» **Problem requirements**
When you restate the data, keep every word as it is and drop the images.

» **Provided material**
☆ ☆ ☆ ☆

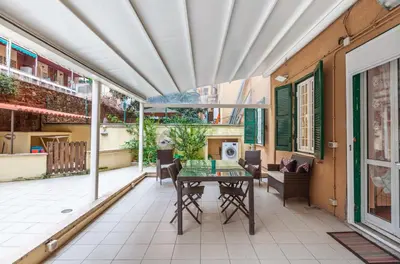 an outdoor patio with a table and chairs at Vacanze Romane con giardino in Rome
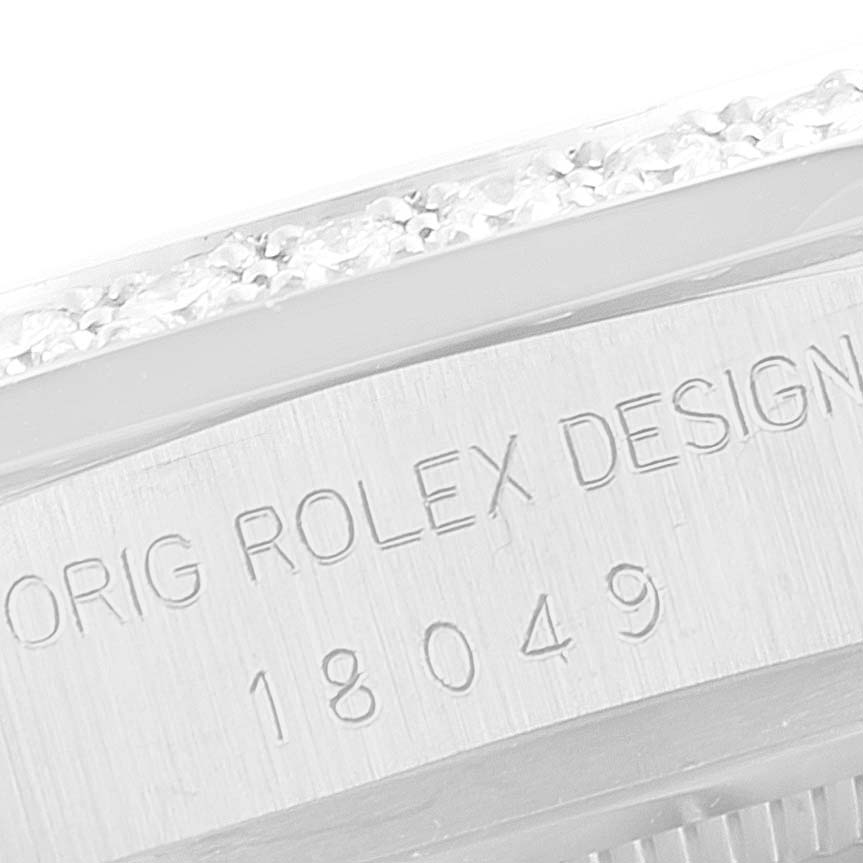 This close-up image shows a partial view of the case and bezel of a Rolex President 18049 Men
s White Gold Silver Dial 18049 Men
s White Gold Silver Dial model watch, displaying its engraved reference number.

☆ ☆ ☆ ☆

» **Written answer**
 an outdoor patio with a table and chairs at Vacanze Romane con giardino in Rome
 This close-up image shows a partial view of the case and bezel of a Rolex President 18049 Men
s White Gold Silver Dial 18049 Men
s White Gold Silver Dial model watch, displaying its engraved reference number.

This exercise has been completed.